-- Opening Marker --
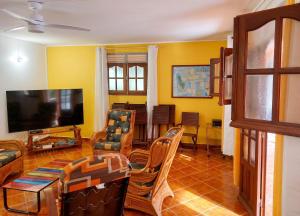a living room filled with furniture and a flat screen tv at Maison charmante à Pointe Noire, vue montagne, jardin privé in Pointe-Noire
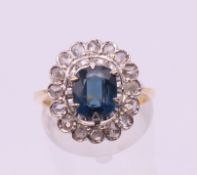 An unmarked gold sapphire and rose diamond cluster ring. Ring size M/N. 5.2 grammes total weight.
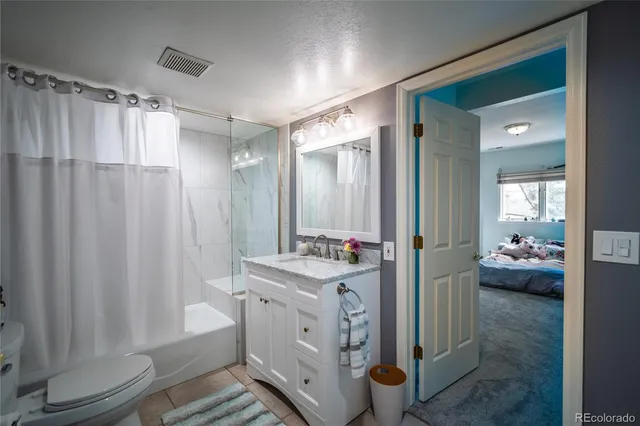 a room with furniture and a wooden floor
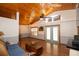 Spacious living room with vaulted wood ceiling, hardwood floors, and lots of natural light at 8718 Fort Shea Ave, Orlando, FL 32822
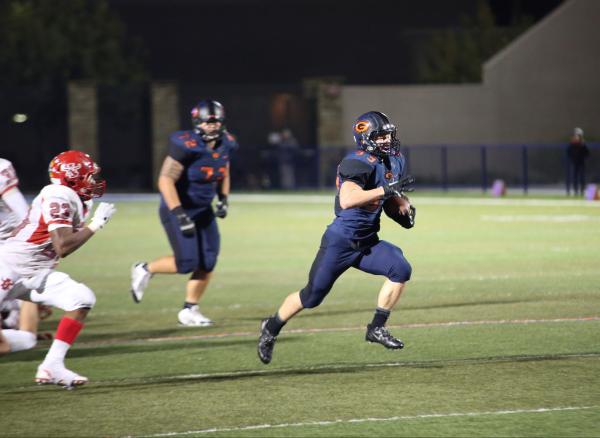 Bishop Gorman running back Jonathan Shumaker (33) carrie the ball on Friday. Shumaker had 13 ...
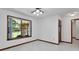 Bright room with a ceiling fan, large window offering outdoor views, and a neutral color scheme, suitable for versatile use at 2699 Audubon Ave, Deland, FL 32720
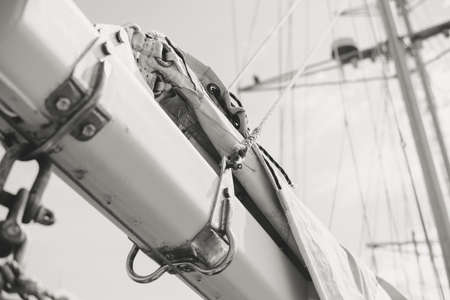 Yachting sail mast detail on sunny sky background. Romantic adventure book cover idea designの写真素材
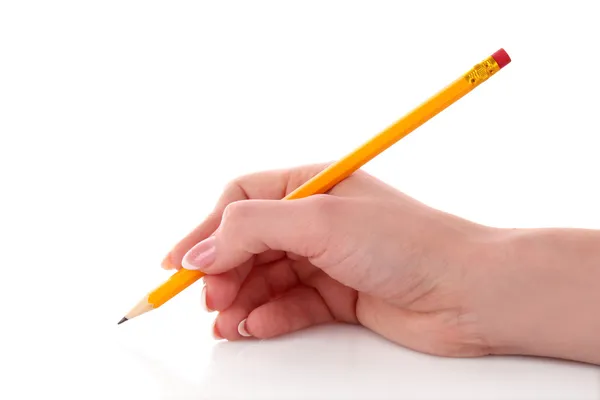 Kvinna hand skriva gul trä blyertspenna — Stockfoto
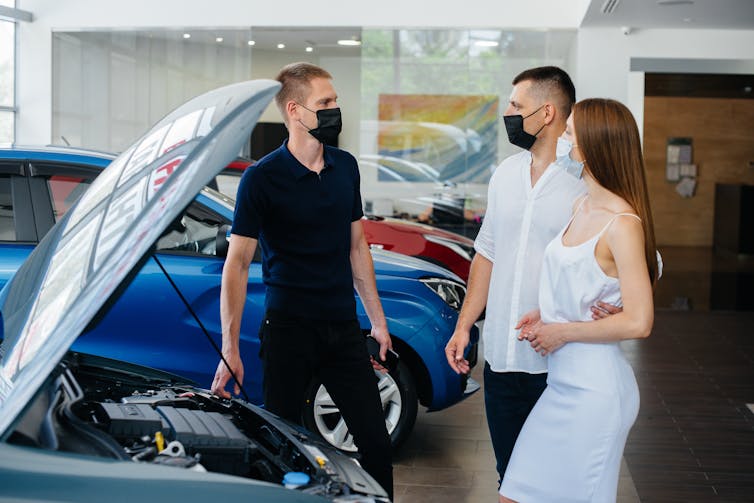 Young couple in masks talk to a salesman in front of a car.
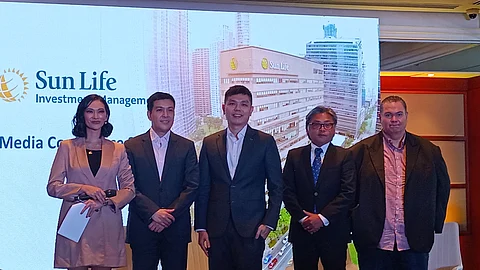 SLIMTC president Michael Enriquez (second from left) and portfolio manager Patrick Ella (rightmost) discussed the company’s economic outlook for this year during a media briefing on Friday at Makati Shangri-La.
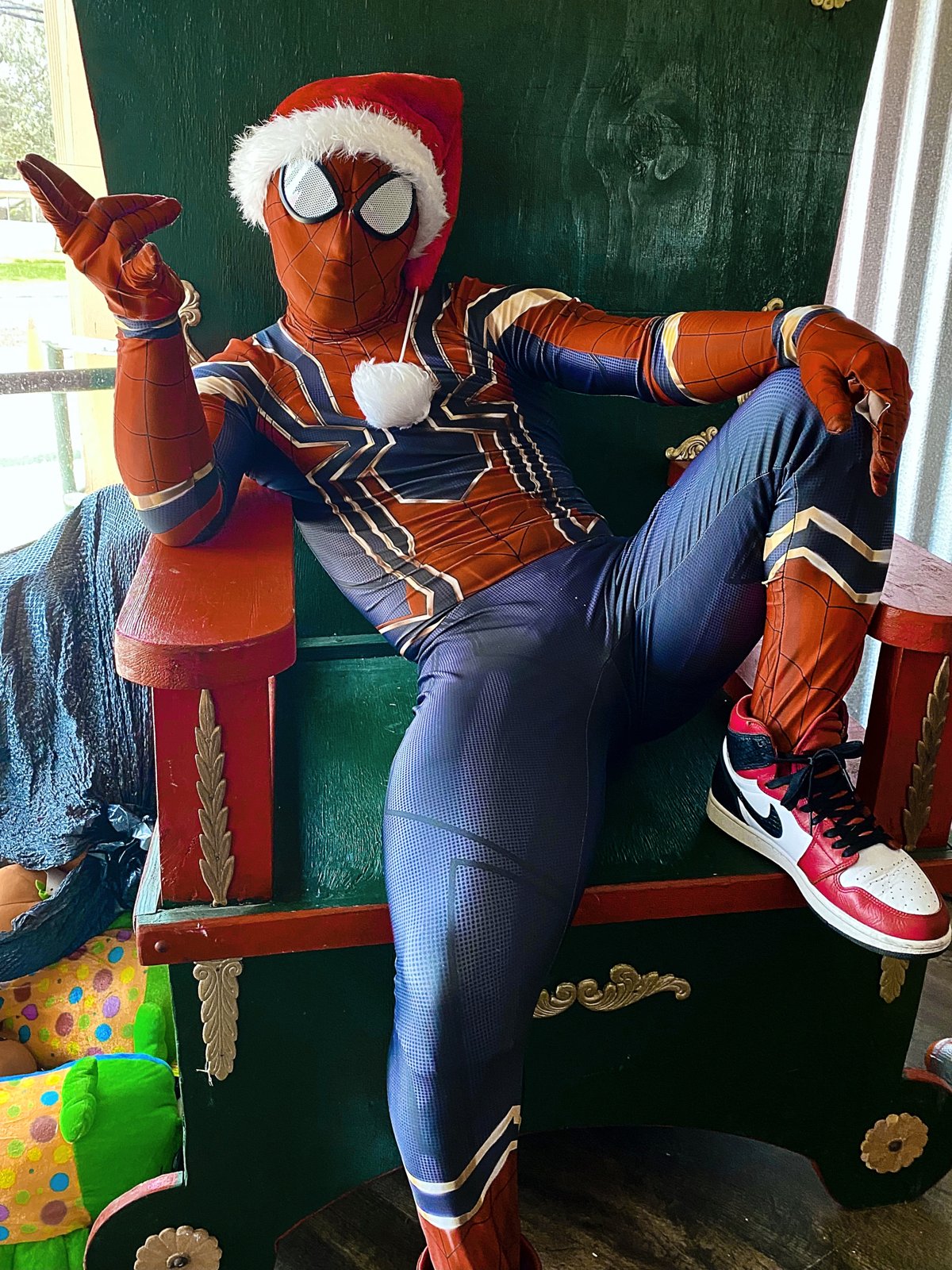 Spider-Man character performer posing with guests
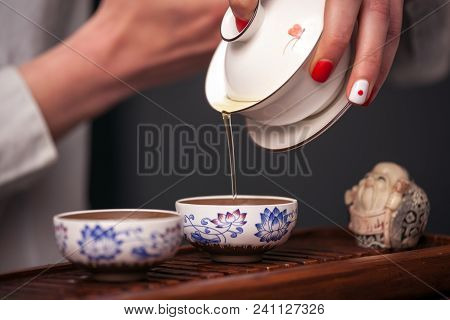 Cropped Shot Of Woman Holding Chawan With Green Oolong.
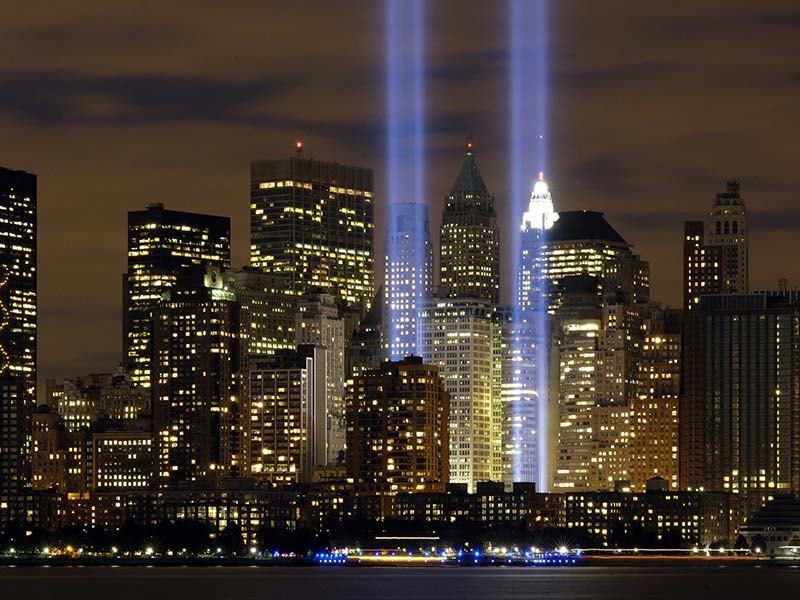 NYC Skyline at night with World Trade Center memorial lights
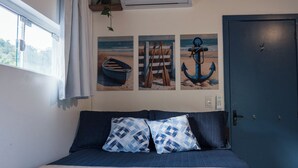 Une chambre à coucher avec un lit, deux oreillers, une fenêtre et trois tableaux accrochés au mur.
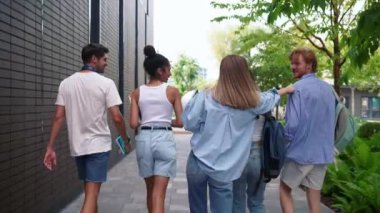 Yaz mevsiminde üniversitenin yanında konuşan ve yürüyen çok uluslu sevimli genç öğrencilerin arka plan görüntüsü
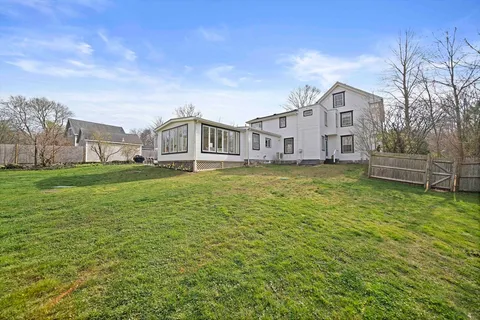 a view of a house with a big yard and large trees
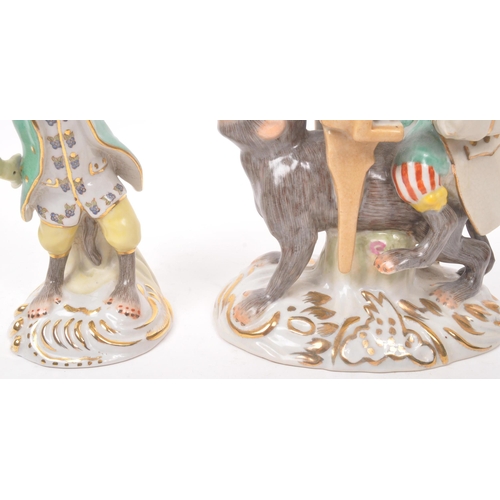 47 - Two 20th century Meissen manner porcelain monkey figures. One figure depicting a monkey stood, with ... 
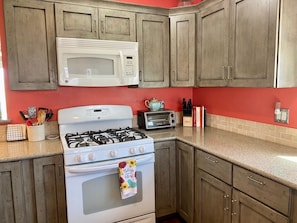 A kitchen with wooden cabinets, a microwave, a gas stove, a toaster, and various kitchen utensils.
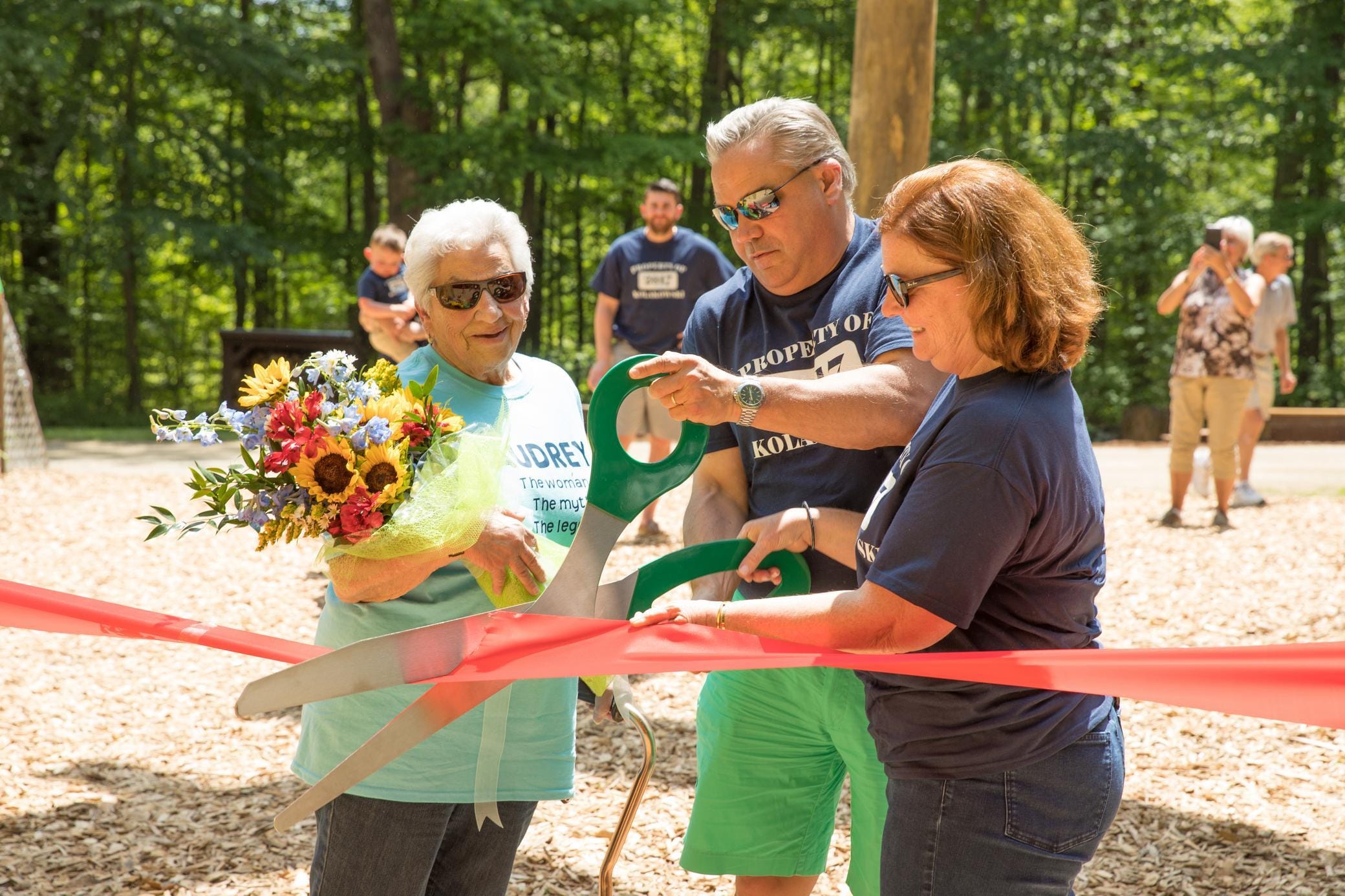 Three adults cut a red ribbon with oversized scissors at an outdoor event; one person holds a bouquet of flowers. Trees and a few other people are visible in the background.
-- Closing Marker --
TASK:
Restate the lines above from the one containing "Yaz mevsiminde üniversitenin" through the one containing "A kitchen with", inclusive, exactly and without pictures.

RESULT BELOW:
 Yaz mevsiminde üniversitenin yanında konuşan ve yürüyen çok uluslu sevimli genç öğrencilerin arka plan görüntüsü
 a view of a house with a big yard and large trees
 47 - Two 20th century Meissen manner porcelain monkey figures. One figure depicting a monkey stood, with ... 
 A kitchen with wooden cabinets, a microwave, a gas stove, a toaster, and various kitchen utensils.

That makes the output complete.